→ **Input data**
● ● ● ● ● ● ●

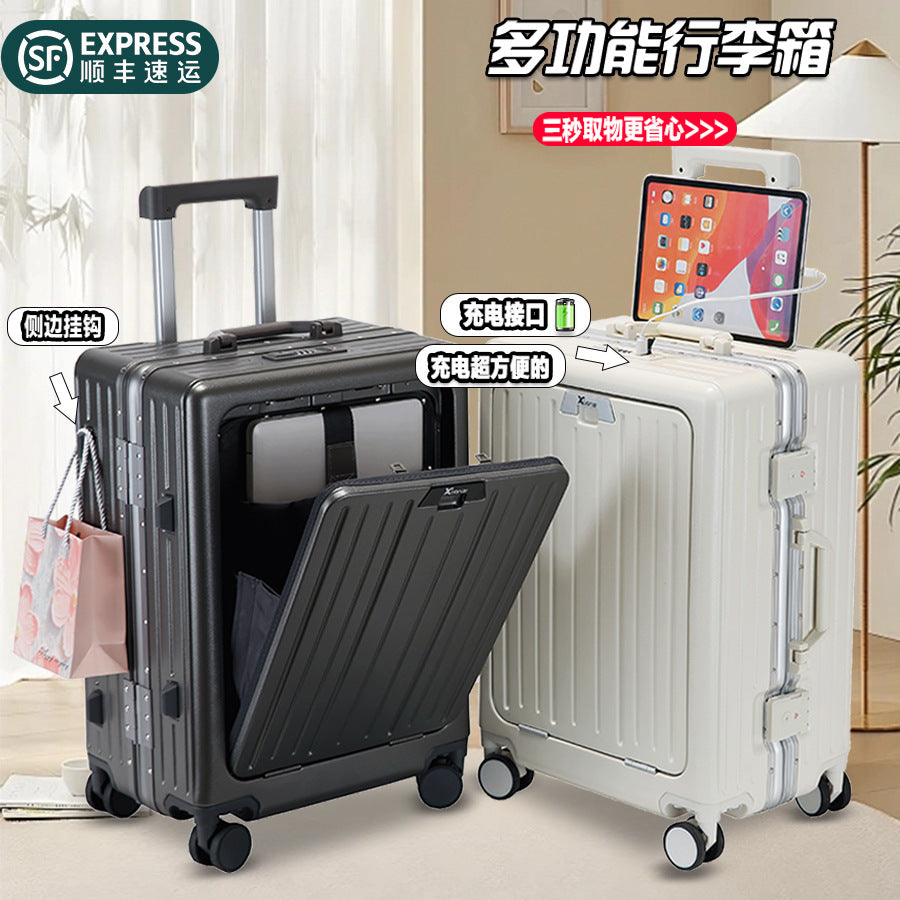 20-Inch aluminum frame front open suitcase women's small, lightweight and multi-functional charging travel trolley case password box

● ● ● ● ● ● ●

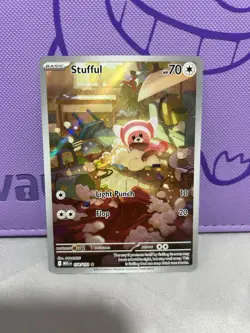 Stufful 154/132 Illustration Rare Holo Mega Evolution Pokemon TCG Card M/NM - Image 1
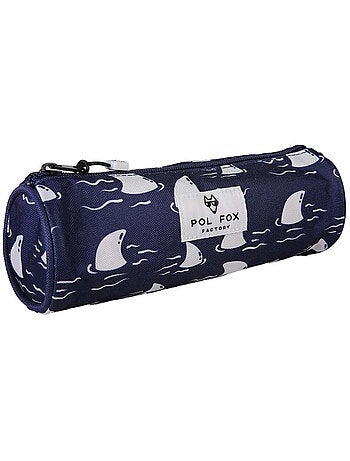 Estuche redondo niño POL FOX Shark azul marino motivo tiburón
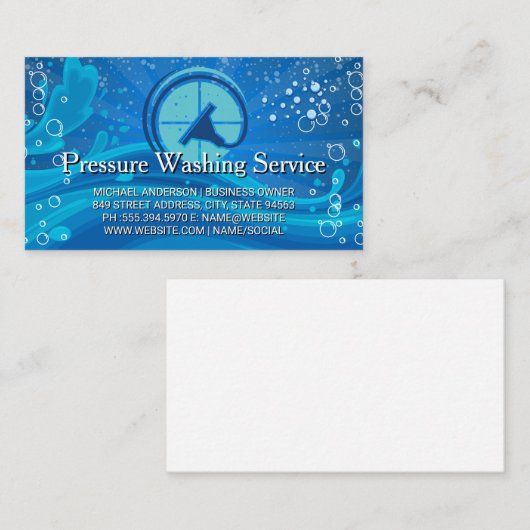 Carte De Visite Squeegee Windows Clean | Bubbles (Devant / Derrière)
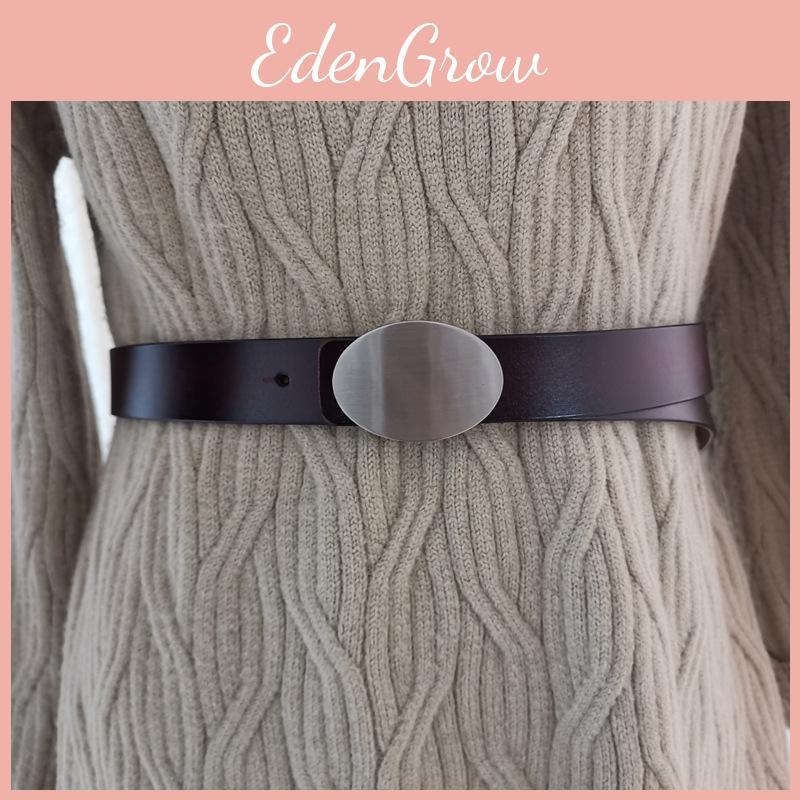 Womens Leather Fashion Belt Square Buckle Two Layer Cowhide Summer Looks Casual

● ● ● ● ● ● ●

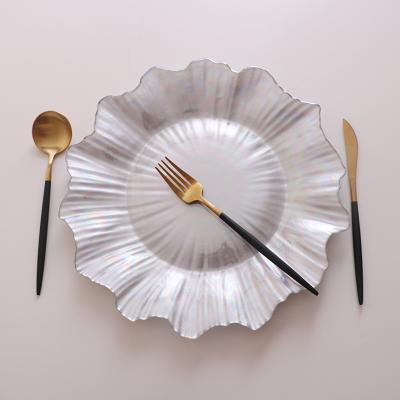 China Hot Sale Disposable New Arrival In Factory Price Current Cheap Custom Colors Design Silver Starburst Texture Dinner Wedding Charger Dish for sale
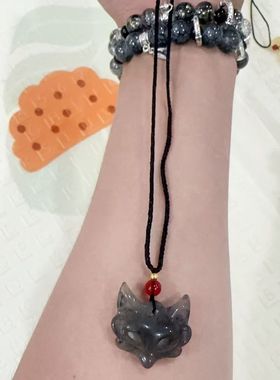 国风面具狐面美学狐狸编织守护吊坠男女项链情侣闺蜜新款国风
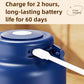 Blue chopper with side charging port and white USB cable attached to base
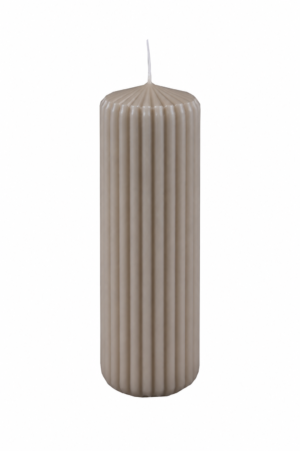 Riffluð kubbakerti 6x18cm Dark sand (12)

● ● ● ● ● ● ●

→ **Exercise requirements**
Only the lines starting at the one that includes "China Hot Sale" and ending at the one that includes "Riffluð kubbakerti 6x18cm Dark sand (12)" should be retyped, exactly, from the records above; no pictures.

→ **Result for this exercise**
 China Hot Sale Disposable New Arrival In Factory Price Current Cheap Custom Colors Design Silver Starburst Texture Dinner Wedding Charger Dish for sale
 国风面具狐面美学狐狸编织守护吊坠男女项链情侣闺蜜新款国风
 Blue chopper with side charging port and white USB cable attached to base
 Riffluð kubbakerti 6x18cm Dark sand (12)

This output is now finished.